3. O Lobby do Crime e o Jogo Político
A dualidade entre a truculência nas favelas e a complacência nos palácios expõe a verdadeira natureza da segurança pública brasileira: um jogo político onde a repressão é seletiva e a impunidade tem preço.
3.1 O Caso Master e o Ataque à Autonomia Institucional
A ameaça existencial ao crime de colarinho branco se materializou no escândalo envolvendo Daniel Vorcaro, dono do Banco Master, preso por um esquema de fraudes financeiras de estimados R$ 12 bilhões.

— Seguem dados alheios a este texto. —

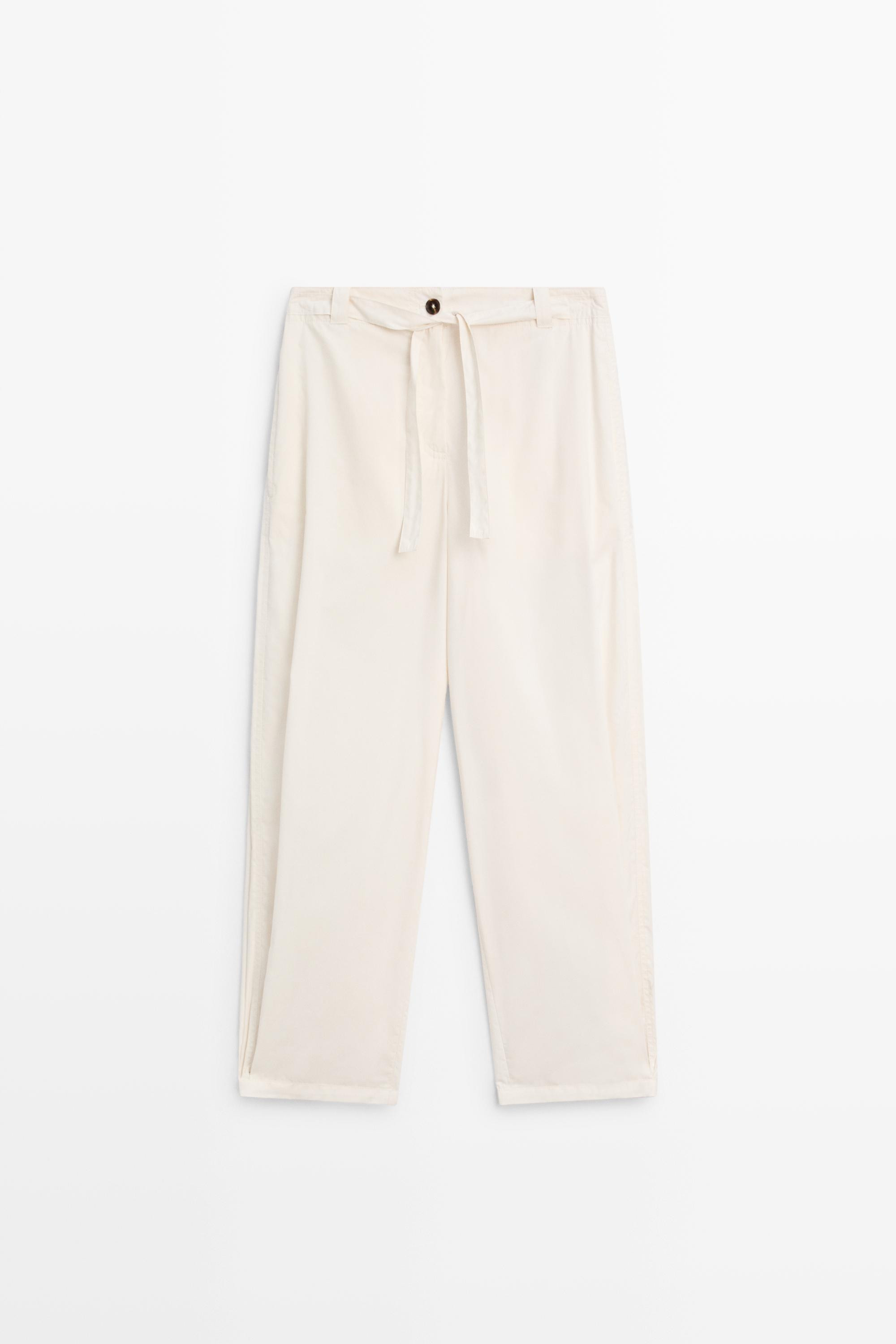 Cotton blend pants with tie detail | Massimo Dutti US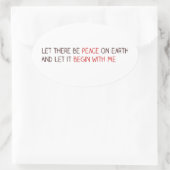 Laat er vrede op aarde zijn ovale sticker (Tas)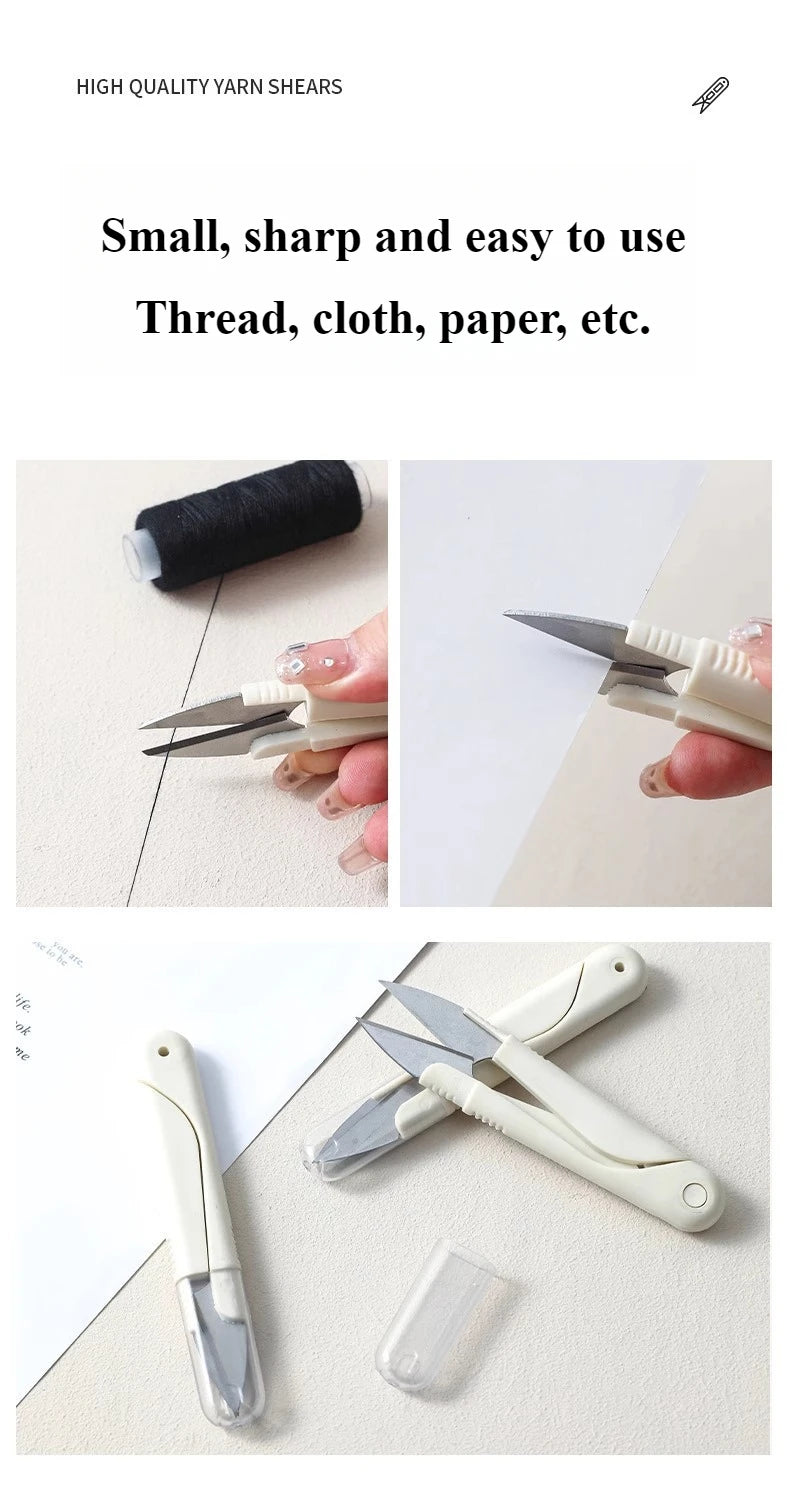 Tijeras de resorte para costura en forma de U, con tapa, de acero inoxidable, 1 unid.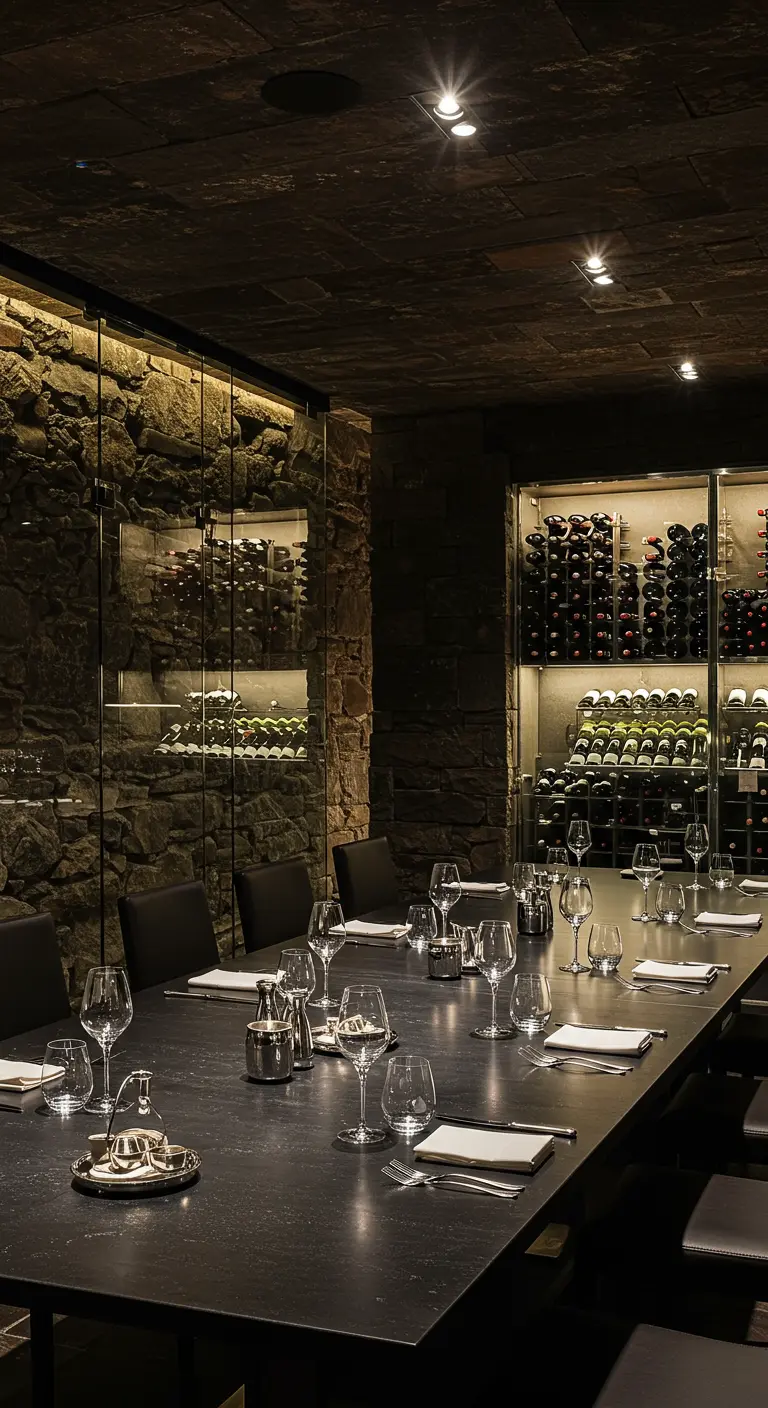 Comedor elegante dentro de una bodega con paredes de piedra y vitrinas de vino.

Quando o Banco Central (BC) rejeitou a venda de parte do Master ao BRB, banco estatal do Distrito Federal, a resposta do Congresso foi imediata e agressiva. O que se viu foi a ameaça pública de intervir no Banco Central para garantir essa grande negociata, que contava com a convivência e o apoio de poderosos líderes do Centrão, como Arthur Lira (ex-presidente do Congresso Nacional) e Hugo Motta (atual presidente do Congresso).
Este movimento expôs a essência da “direita” aliada: desestabilizar uma instituição-chave do sistema financeiro nacional para preservar os interesses de um criminoso de colarinho branco. A proteção à fraude financeira bilionária é, assim, encampada por aqueles que mais bradam contra a “bandidagem”.
3.2 As Milícias e a Blindagem Estatal
A seletividade na repressão encontra seu ponto mais nevrálgico na ascensão das Milícias. Estes agrupamentos, majoritariamente, formados por agentes da segurança pública, praticam crimes com a vantagem fatal da blindagem das autoridades constituídas.
A aproximação de setores da extrema direita com estas organizações é notória. A análise dos vínculos da família Bolsonaro com milicianos conhecidos do Rio de Janeiro é um capítulo incontornável desta cumplicidade, sugerindo que o crime organizado é aceitável, desde que esteja sob controle de grupos alinhados, garantindo a vista grossa e a proteção política em altos escalões.
3.3 A Lei Antifacção e o Desmonte Seletivo
O ataque ao Banco Central para salvar um banqueiro fraudador encontra um paralelo perigoso no movimento de desmonte contra a investigação criminal eficiente.
O projeto de lei Antifacção, que deveria ser a ferramenta do Estado para atacar o crime, foi aprovado na Câmara em 18/11 sem grande debate e segue para o Senado. O ex-secretário Guilherme Derrite (aliado de Bolsonaro) reassumiu o mandato e se tornou relator do projeto, em uma manobra que visa, na prática, destruir um projeto sensato e retirar poderes da Polícia Federal na investigação de crimes de elite.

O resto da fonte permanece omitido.